*** SOURCE MATERIAL ***

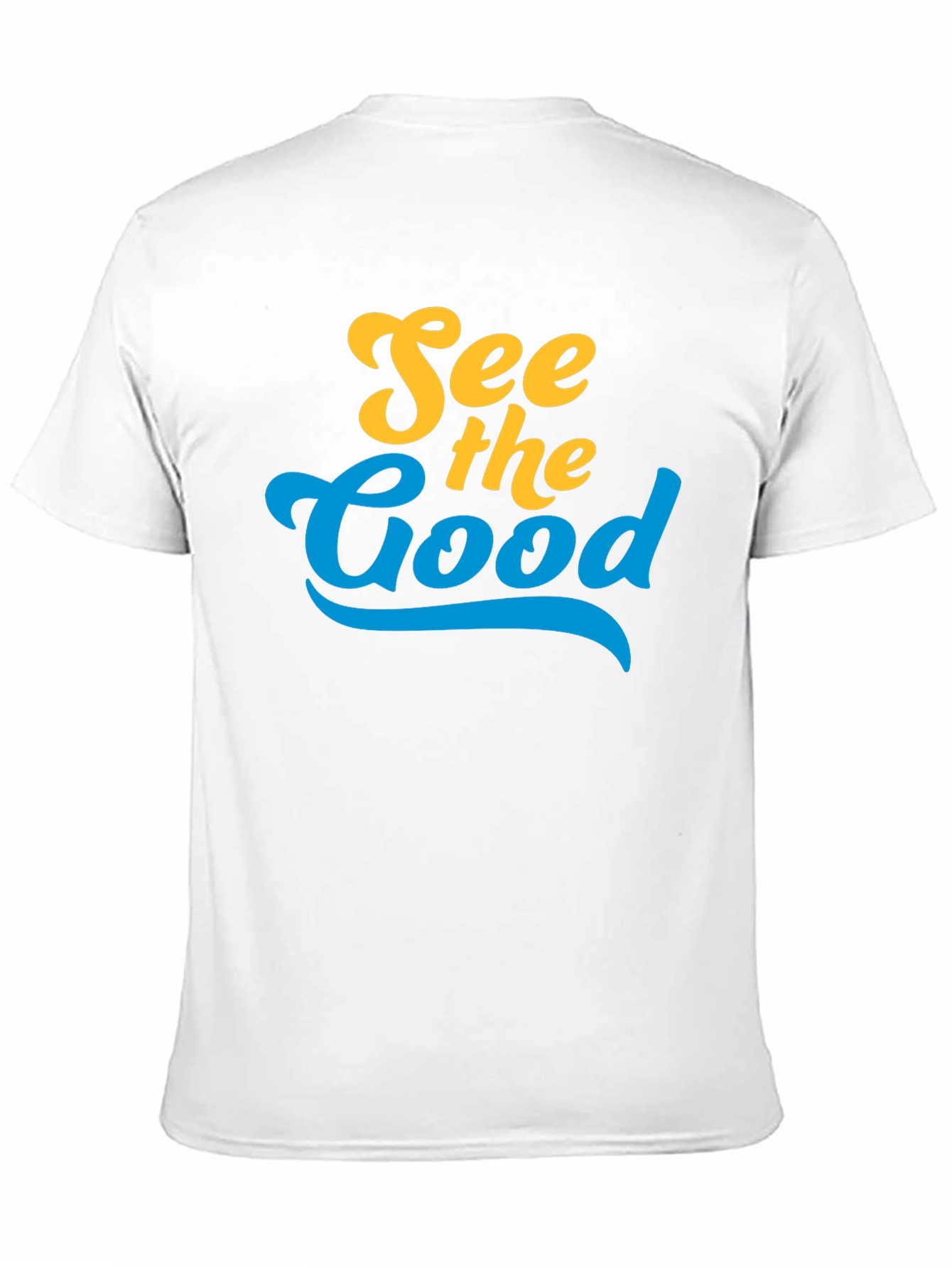 See the Good T-Shirt - Positive Vibes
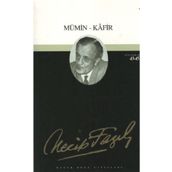 MÜMİN - KAFIR (KOD: 37) - NECIP FAZIL KISAKÜREK
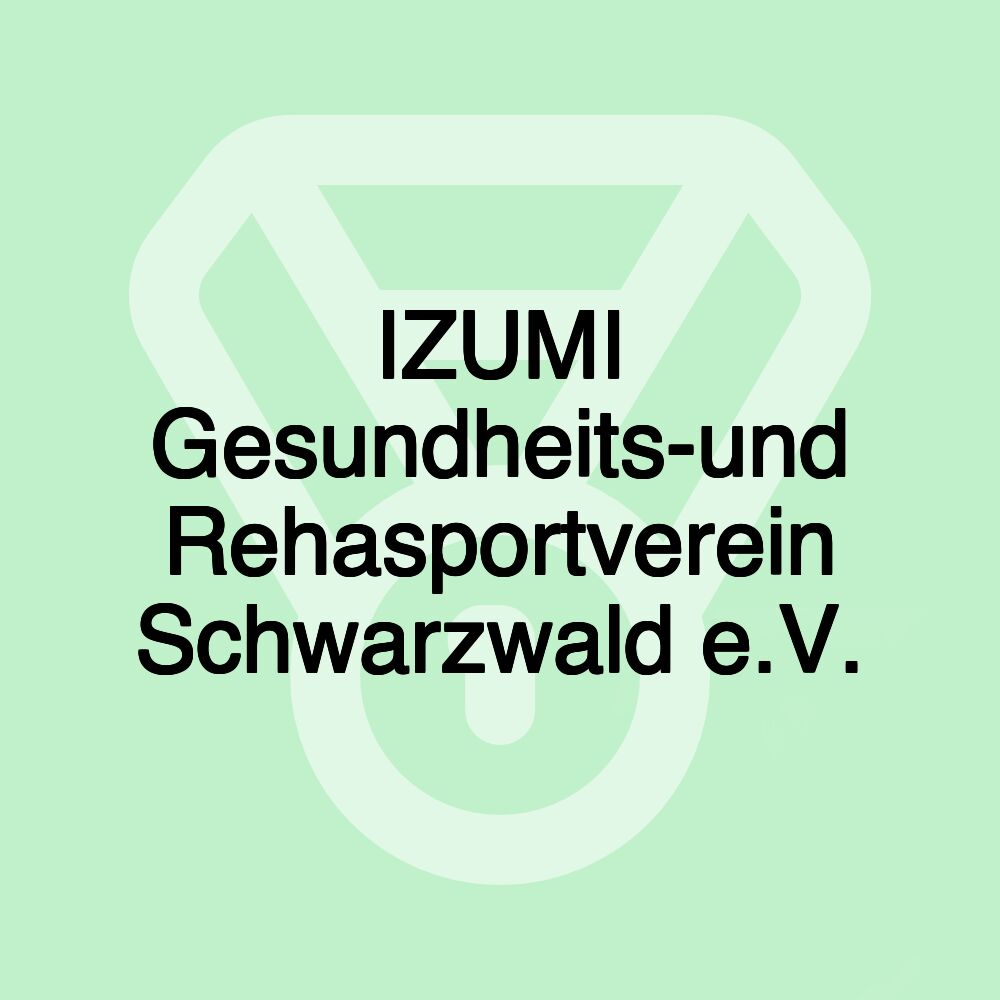 IZUMI Gesundheits-und Rehasportverein Schwarzwald e.V.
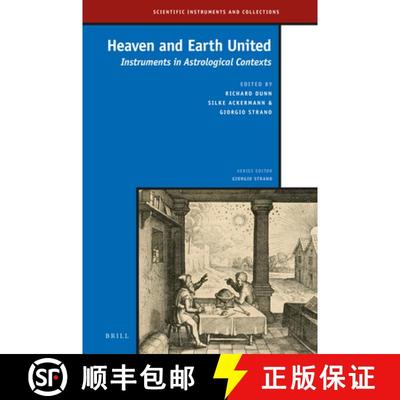 预订 Heaven and Earth United: Instruments in Astrological Contexts [9789004362758]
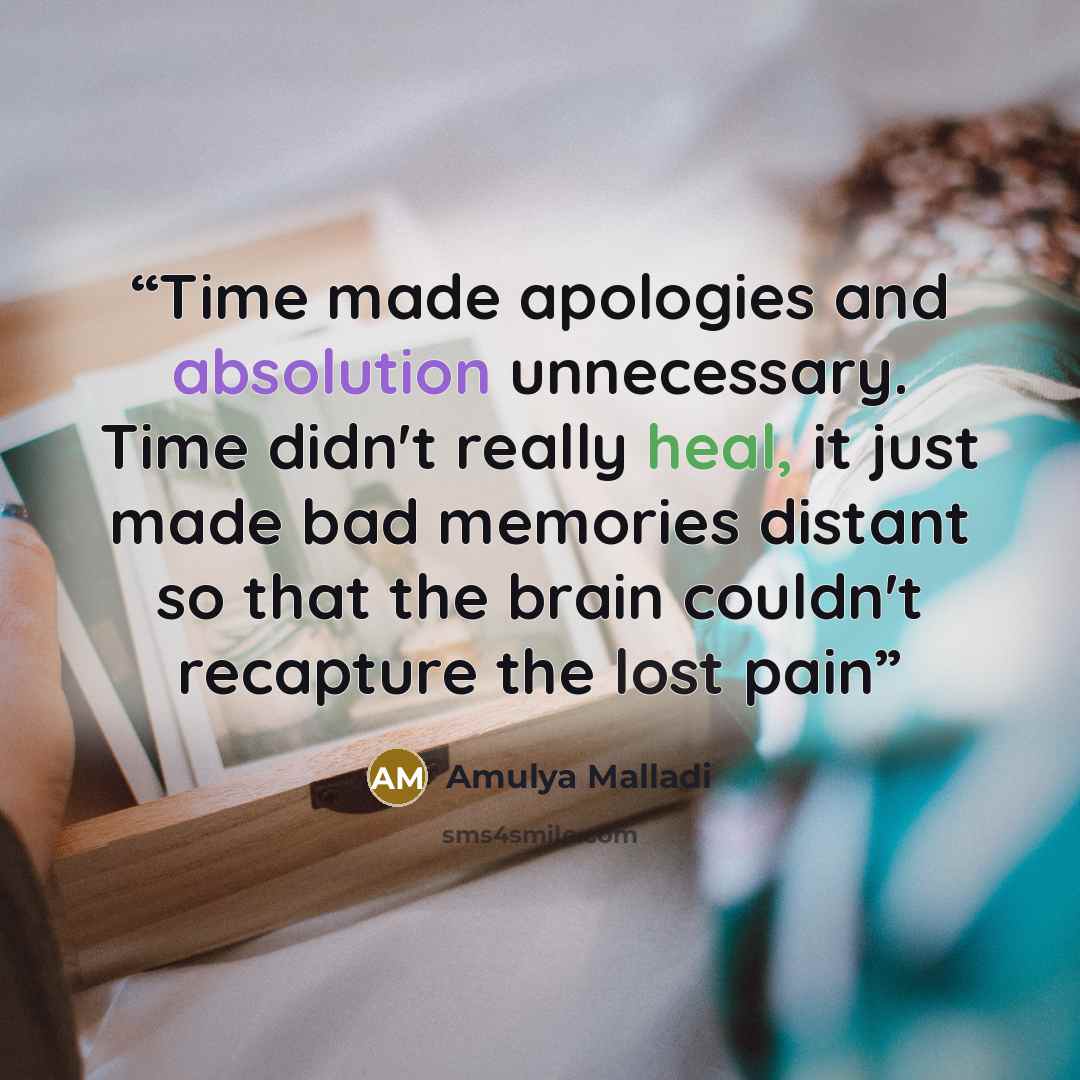 “Time made apologies and absolution unnecessary. Time didn't really heal, it just made bad memories distant so that the brain couldn't recapture the lost pain” quote by Amulya Malladi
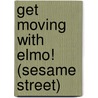 Get Moving With Elmo! (Sesame Street) by Random House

***

- [TASK DESCRIPTION]
From the line containing "预订 Heaven and" to the last line of the records, inclusive, output the lines exactly as written and nothing else; leave out the pictures.

- [EXPECTED ANSWER]
 预订 Heaven and Earth United: Instruments in Astrological Contexts [9789004362758]
 “Time made apologies and absolution unnecessary. Time didn't really heal, it just made bad memories distant so that the brain couldn't recapture the lost pain” quote by Amulya Malladi
 Get Moving With Elmo! (Sesame Street) by Random House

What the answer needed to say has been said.